By the weekend, all our home living children will have left for three weeks, and we fully intend not to miss them. At least not until Monday. Sunday at the earliest.

I was magnificent and patient as a father until I happened upon a list of “must haves” that was left on the dining room table. Whereas I was delighted that my 15-year-old daughter was organised enough to make lists, the content pushed me slightly over the edge. Listed as item number one on the critical list, ahead of “underwear”, and above “toothbrush” was “Saphira – leave in mud pour tous types de cheveux (for all types of hair)”.

“Abby! Come here please!” I called so that I could address this face to face. “You are going to camp! You are sleeping in a tent for three weeks. It will rain, and the entire campsite will turn into a mud wrestling amphitheatre. Do you really need to take more mud to Hartenbos, for G-d’s sake?” She returned my stare without saying a word. Then she turned, looked at my wife, shook her head slowly as if to say, “I actually feel sorry for you living with a buffoon that’s so out of touch and doesn’t understand sun damage. Then quietly and very patronisingly she said, “It’s French mud, dad. It’s French mud.” And with that, the conversation was over, and I was shamefully dismissed.

It’s a myth that when kids go on camp, us parents get a holiday. What it does mean is that everything we need to do over a three-week time period now has to be taken care of in a matter of a few days. It means that money that we would have spent over a month we spend in days, and that all the arguments we would have had are had with no intervals.

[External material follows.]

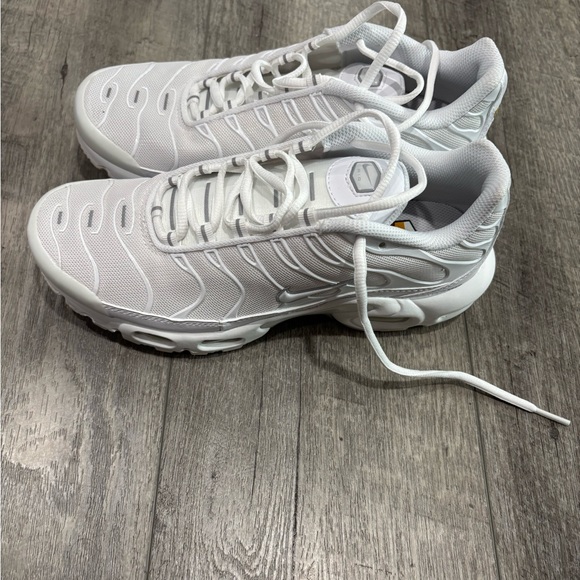 Nike All-White Air Max Plus - Picture 2 of 4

It took us five trommels, three stretchers, tent reflectors, countless bottles of water (some sparkling some still), peanut butter sachets, muesli, tuna, and more toiletries than Mossel Bay has ever seen, medicine, sun block, and a bottle of Saphira – leave in mud pour tous types de cheveux to get three of our children camp ready.

And we are still, apparently, not happy with the colour of the trommels, the brand of our shower shoes, and the quality of our disposable bowls.

Bless them.

The reality is that although our children might take their mobile phones with them to camp, for the time that they are there, they will be stepping back into the world that we want them to enjoy. Three weeks in a Jewish-observant environment with their friends, in the sun, sleeping in tents, in a healthy and caring environment that is not technology dependent is rare and special.

With a zero tolerance policy against drugs and alcohol, and with my poor 15-year-old daughter having two eagle-eyed brothers on the same campsite, it’s truly a blessing that we don’t take for granted. The reality is that it gives them time to find out who they are without their annoying parents telling them who they want them to be.

And, of course, as parents, having banked everything we have to get them ready, we get to take it a bit easier while they are there.

This weekend we will be celebrating. Come past if you want. Bring your own pour tous types de cheveux. Just don’t bring your children.